They should also know the concept of minimum viable product (MVP)-based funding, an appreciation for industry trends (and the wider ecosystem of products and vendors). That’s how organizations can transform from “doing Agile” to “being Agile”.6

Proxy product owner must be equipped with deep understanding Agile concepts and data along with high emotional intelligence and humility

For seamless operations and removal of blockers, the product owner consortium needs to have a high-level view of the responsibilities and duties for each team. (see Figure 3). These guidelines help product owners and proxy product owners understand the workflow and objectives of the consortium. Further, the guidelines ensure that the proxy product owner connects the right domain knowledge to the development team and helps the firm navigate subtle processes from different business units during backlog refinement and user story definitions.

Value-driven culture establishment

Beyond onboarding, the proxy product owner and mapping role responsibilities, the Americas unit also shifted from a tactical culture to a business value-driven approach.
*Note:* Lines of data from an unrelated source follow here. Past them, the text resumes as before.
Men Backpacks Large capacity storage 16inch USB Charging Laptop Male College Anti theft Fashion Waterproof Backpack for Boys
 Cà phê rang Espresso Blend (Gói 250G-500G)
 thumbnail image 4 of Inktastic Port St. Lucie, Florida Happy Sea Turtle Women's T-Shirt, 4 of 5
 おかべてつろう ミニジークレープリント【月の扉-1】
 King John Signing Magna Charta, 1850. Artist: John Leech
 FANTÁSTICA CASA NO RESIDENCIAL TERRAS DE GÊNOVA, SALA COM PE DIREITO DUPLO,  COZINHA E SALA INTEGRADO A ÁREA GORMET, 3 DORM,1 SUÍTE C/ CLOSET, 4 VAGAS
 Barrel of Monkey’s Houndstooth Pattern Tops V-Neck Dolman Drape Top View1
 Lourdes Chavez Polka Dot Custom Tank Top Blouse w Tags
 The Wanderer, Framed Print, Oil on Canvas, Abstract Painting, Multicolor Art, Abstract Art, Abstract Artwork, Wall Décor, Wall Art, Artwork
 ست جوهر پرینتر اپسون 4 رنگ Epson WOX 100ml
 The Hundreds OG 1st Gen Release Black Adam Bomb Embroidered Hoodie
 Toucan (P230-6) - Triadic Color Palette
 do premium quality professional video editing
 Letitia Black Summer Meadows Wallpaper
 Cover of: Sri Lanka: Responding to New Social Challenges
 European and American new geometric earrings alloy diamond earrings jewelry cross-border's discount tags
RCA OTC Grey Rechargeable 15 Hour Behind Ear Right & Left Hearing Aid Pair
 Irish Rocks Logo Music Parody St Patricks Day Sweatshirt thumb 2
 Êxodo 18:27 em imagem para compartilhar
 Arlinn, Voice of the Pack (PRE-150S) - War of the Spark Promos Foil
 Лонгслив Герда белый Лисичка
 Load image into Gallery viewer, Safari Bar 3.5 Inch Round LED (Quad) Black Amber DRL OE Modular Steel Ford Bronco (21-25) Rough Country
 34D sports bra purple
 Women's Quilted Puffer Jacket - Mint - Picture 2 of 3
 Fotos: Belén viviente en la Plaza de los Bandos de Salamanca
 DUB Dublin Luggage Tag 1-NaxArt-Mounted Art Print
In a traditional setup, different business units are not aware of pending requirements from others fighting for resources. Hence, most business lines end up pushing their work to be finished ahead of others, creating inefficiencies and slowing the transformation of the whole firm. They are also unaware of the team level objectives and key results (OKRs), and hence, their own roadmap and way of working suffer.

To overcome this challenge, the product owner consortium shared regular updates on the common backlog to all business line owners. This meant that product owners had complete visibility of their team’s bandwidth and the associated challenges.

Figure 3. The product owner’s primary and secondary responsibilities

The product owner’s primary and secondary responsibilities

To further boost transparency, product owners within Agile teams across the manufacturing firm were kept up to date with business objectives and desired outcomes from a business-first standpoint. All product owners in the consortium met every week to bring all stakeholders together, increasing conversation, goodwill, and value. These meetings aimed to prioritize work to ensure each scrum team clearly understand their end goal. This led to increased collaboration among product owners and the scrum team.

Even with this level of transparency, misdirection can still occur. To effectively work, the company adhered to the definition of “ready” – the minimum requirements to move user stories into the common backlog. The manufacturing firm also followed a predefined prioritization mechanism for consistency of operations and ensured that goal setting was transparent and communicated throughout the organization.

That’s how an optimum Agile team was built. These working agreements, together with the additional role of proxy product owner, helped jumpstart Agile teams with small budgets through consolidation of their work through the proxy product owner and the associated guidelines.

A new way of funding initiatives

There was one last challenge to address: accounting. Since each business team was sponsoring only part of the Agile team, it was important that each team got value against their investments. Here, again the principles of Agile, ways of Agile estimation, and customs of calculating work done, posed challenges on balancing payments to work done.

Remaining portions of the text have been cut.